SOURCE DATA →
- Opening Delimiter -
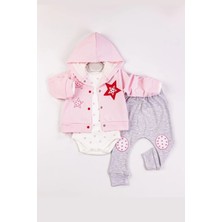 Veralya Yıldız Nakışlı Kapişonlu Kız Bebek Takımı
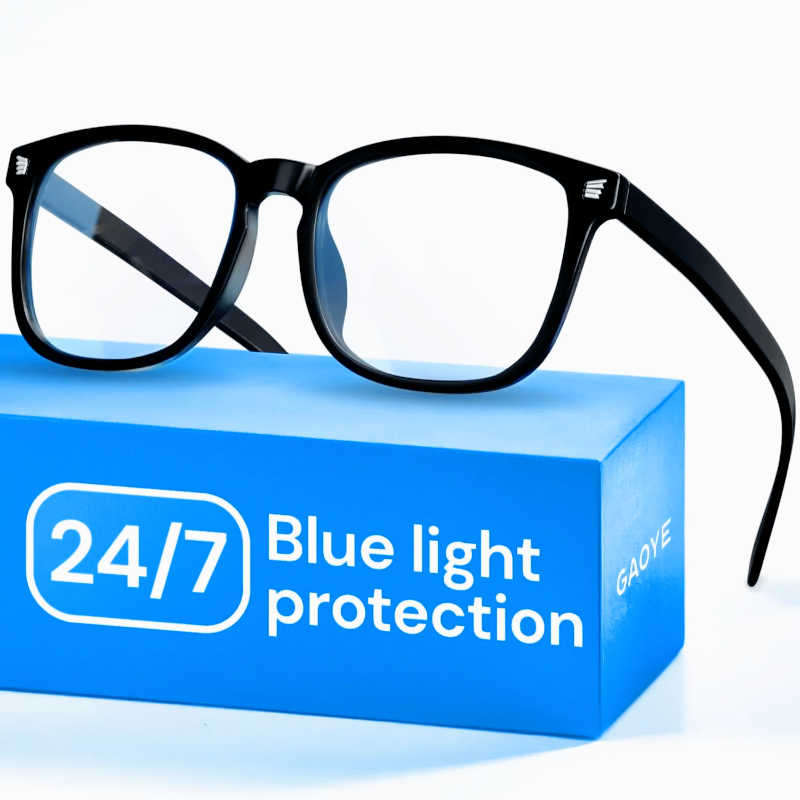 Gaming Glasses Blue Light - 컴퓨터 및 게임용 블랙 블루라이트 안경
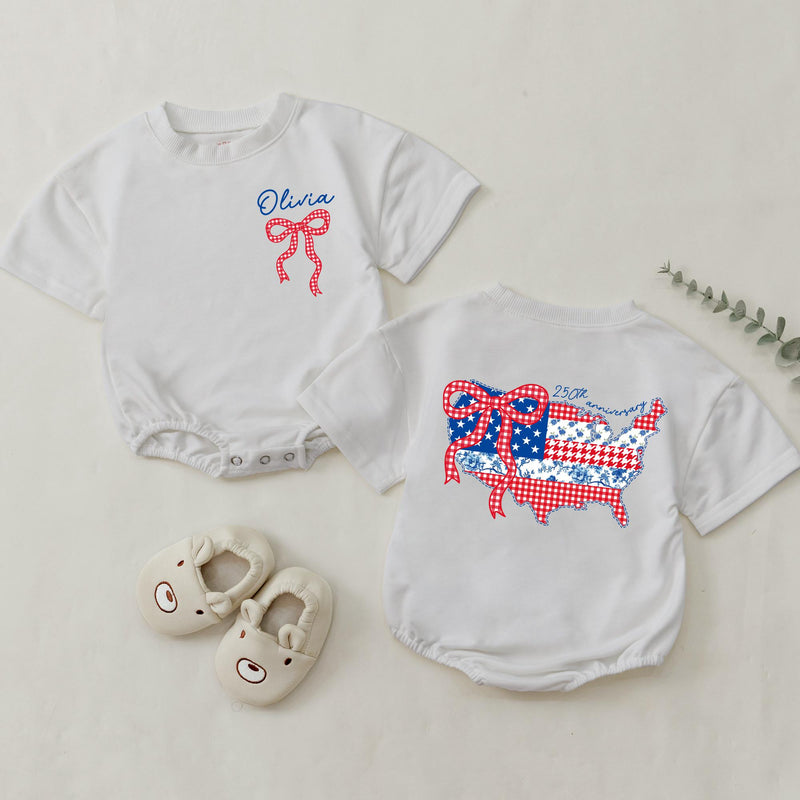 Personalized 4th of July Matching Shirts with USA Map and Bow Custom Baby and Mama Outfit Red White Blue Design Cotton Summer Style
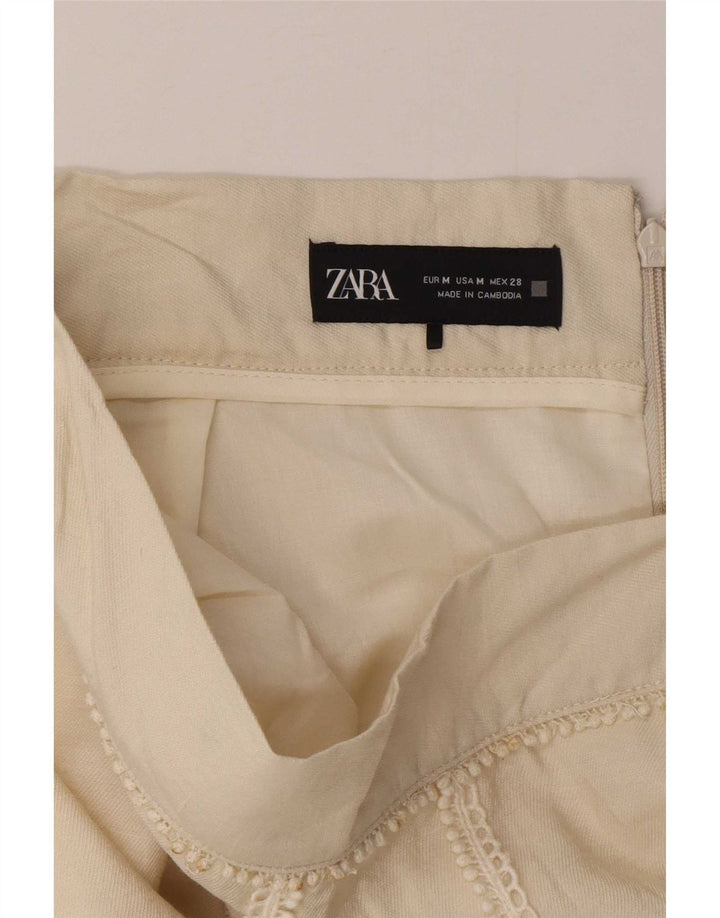 Zara Damen Maxirock Medium W28 Off White Floral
- Closing Delimiter -
The answer must consist solely of the lines from the line containing "Personalized 4th of" to the end of the data, reproduced exactly, with every picture left out.

 Personalized 4th of July Matching Shirts with USA Map and Bow Custom Baby and Mama Outfit Red White Blue Design Cotton Summer Style
 Zara Damen Maxirock Medium W28 Off White Floral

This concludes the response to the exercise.